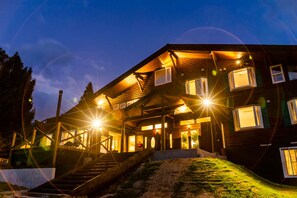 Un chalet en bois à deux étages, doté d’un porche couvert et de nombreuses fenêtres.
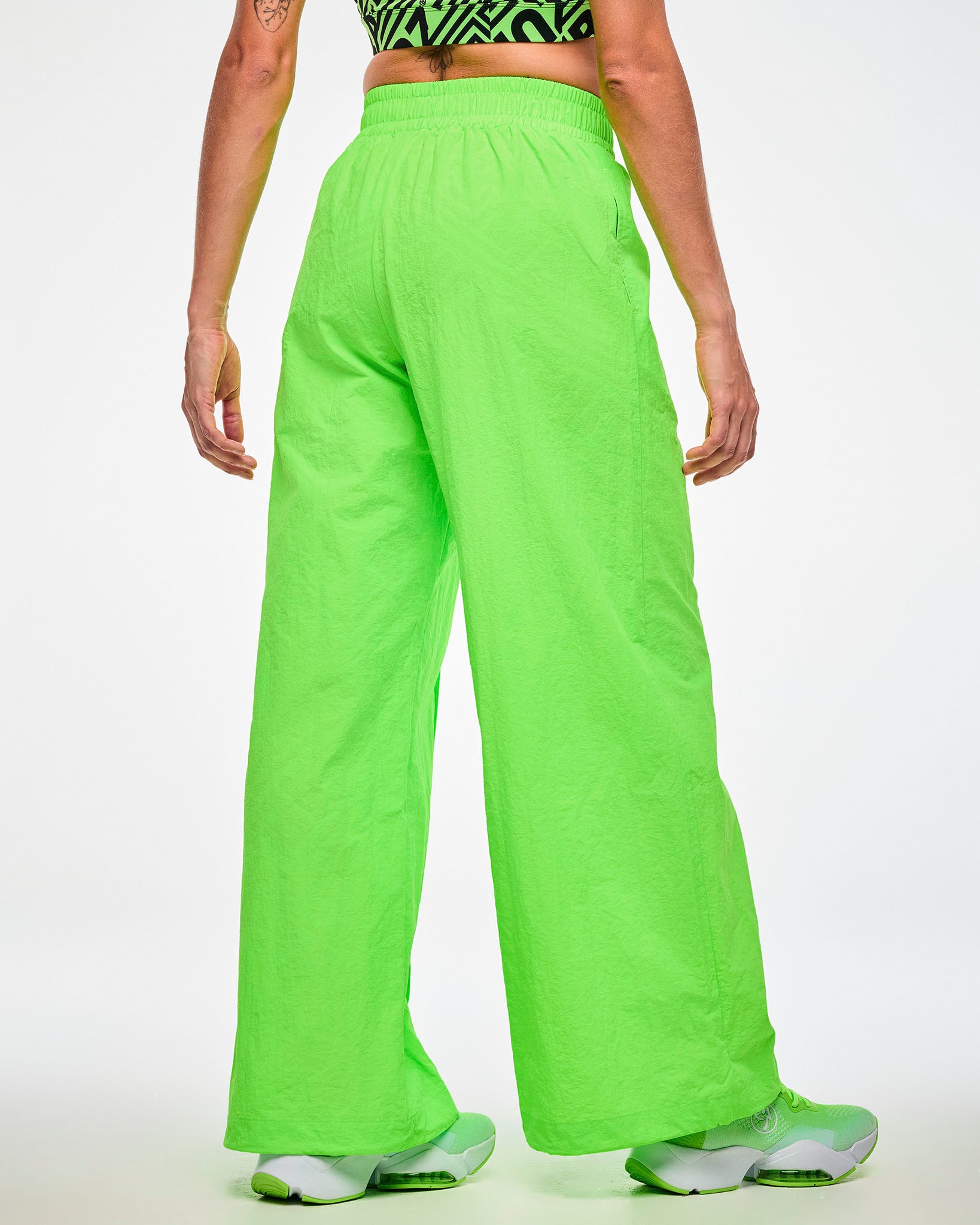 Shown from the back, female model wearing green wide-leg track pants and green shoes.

...

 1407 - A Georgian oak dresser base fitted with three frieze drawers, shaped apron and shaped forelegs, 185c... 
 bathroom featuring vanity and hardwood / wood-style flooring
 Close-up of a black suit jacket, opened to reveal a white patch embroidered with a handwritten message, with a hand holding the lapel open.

...

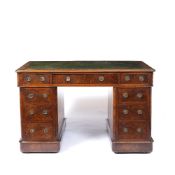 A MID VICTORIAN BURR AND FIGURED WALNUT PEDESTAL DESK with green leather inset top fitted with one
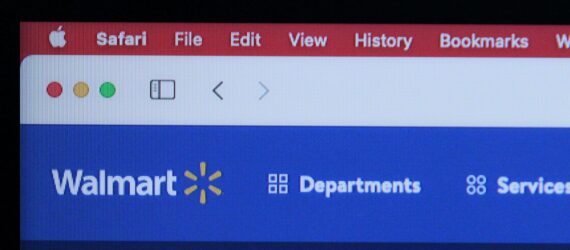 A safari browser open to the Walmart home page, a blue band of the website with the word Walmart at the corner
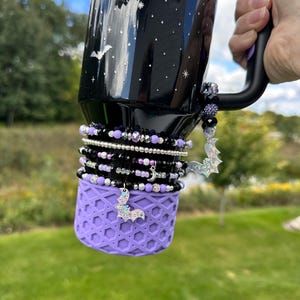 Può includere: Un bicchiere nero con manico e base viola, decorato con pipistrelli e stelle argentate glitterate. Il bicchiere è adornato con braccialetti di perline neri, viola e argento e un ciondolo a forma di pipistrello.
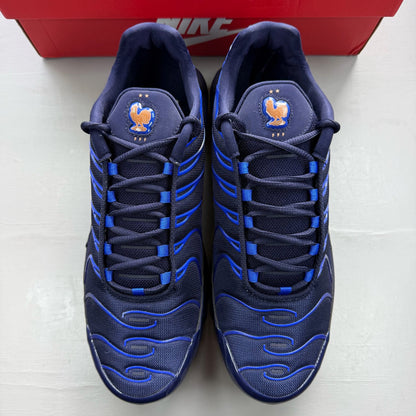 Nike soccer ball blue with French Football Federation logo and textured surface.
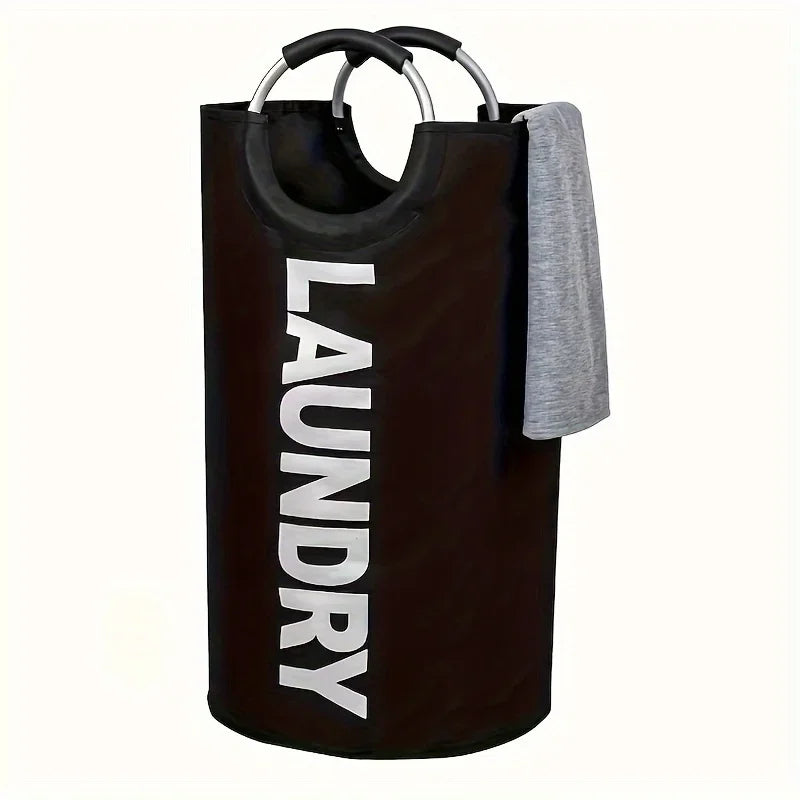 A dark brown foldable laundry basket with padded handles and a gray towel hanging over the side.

Task directions: Using the material above, transcribe exactly the lines from the one holding "Un chalet en" to the one holding "Shown from the", both ends kept. Do not carry over any pictures.

Problem solution:
 Un chalet en bois à deux étages, doté d’un porche couvert et de nombreuses fenêtres.
 Shown from the back, female model wearing green wide-leg track pants and green shoes.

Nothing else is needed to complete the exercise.